Segment Start: RECORDS SUPPLIED
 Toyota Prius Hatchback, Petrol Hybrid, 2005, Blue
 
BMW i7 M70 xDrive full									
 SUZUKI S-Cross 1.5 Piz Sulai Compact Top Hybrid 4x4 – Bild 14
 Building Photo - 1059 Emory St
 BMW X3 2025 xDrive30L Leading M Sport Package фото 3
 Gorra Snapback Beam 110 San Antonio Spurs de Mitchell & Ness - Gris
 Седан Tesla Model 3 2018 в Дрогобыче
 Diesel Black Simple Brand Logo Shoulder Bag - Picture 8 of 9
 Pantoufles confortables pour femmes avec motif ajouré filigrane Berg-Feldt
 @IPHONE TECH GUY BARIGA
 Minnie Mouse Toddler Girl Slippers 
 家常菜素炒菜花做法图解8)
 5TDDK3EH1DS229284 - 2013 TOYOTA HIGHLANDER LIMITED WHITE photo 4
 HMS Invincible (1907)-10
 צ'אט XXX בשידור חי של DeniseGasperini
Segment End: RECORDS SUPPLIED
*WHAT IS REQUIRED*
The answer must consist of each line from the data that includes the string "Hybrid".

*YOUR RESPONSE*
 Toyota Prius Hatchback, Petrol Hybrid, 2005, Blue
 SUZUKI S-Cross 1.5 Piz Sulai Compact Top Hybrid 4x4 – Bild 14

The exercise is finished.